Central Clearing…for Bonds!?

This news item in Finextra, clearly the product of a press release from NYSE Euronext, has got me all hot under the collar and forced me out of hiding.

I know other systems are working on this, EuroTLX for example, tie up with Borsa Italiana from memory. Naturally the other two Cassiopeia Bond Exchanges (Galaxy, MTS Credit) must also be working away on this. I understand why all 3 are, less so EuroTLX, because without it how do you differentiate yourselves?

The merits of the Cassiopeia project could take up another post – personally I think it is doomed to fail, or at best one may survive, I mean how will these exchanges function in a crisis like 2008-09? Which is what they are supposedly designed for!

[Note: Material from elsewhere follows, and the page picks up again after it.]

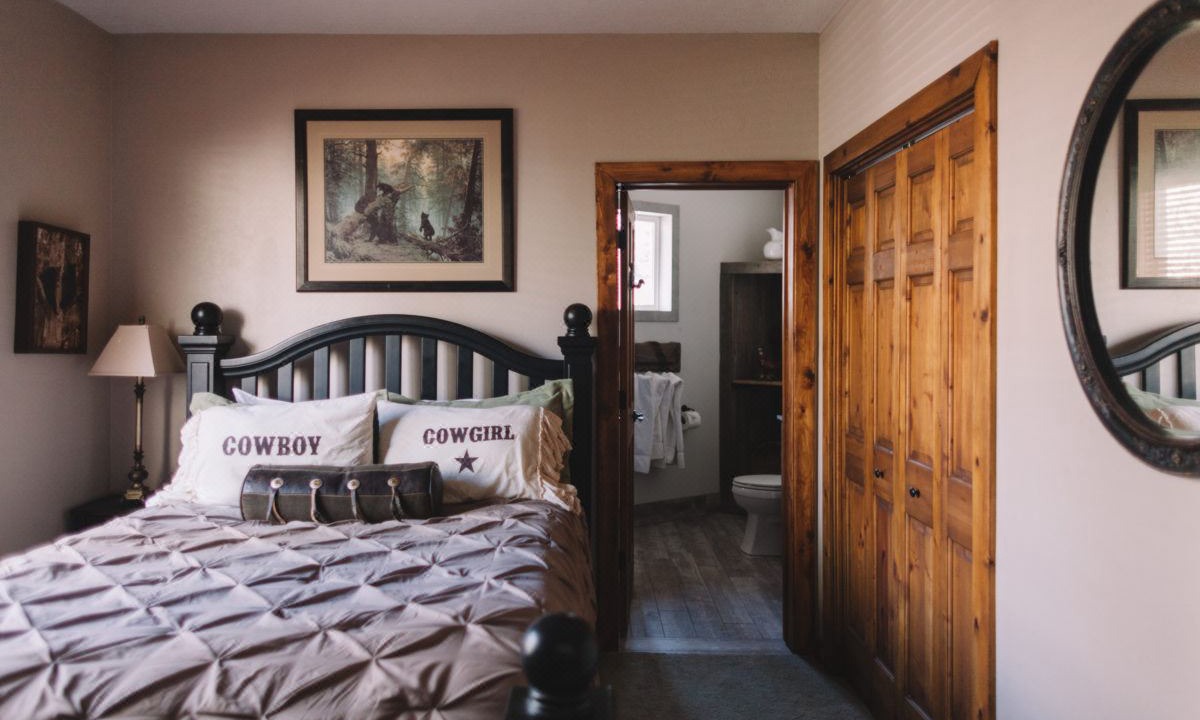 Photo of Bedroom in Sundance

But lets look at the specifics of this “news” items and specifically the reasons why a CCP for cash bonds is so important.

1. Mitigation of counterparty risk – eh? Ever heard of DVP (delivery versus payment) and T+3 or sooner, the number of counterparts is far, far more diverse than in IRS or CDS…is this really a problem?
2. Benefit from STP – what? this doesn’t existing on platforms such as Broketec, Tradeweb etc? Of course it does! It exists today!
3. Regulator demands to bring clearing to OTC products – yes…OTS DERIVATIVES! Not cash bonds! This point is, in my view, misleading at best.

Intuitively you can see some benfits of CCP in cash bonds, maybe it opens the market place to more participants who are unable to particpate due to credit issues (again is this really a big problem?). However bonds are already expensive enough to settle, adding a CCP including initial and variation margins plus all the work required in terms of IT resource…given how cost conscious most Banks are at the moment…

Anyway, my 2cents worth, feel free to disagree, but make sure you say why!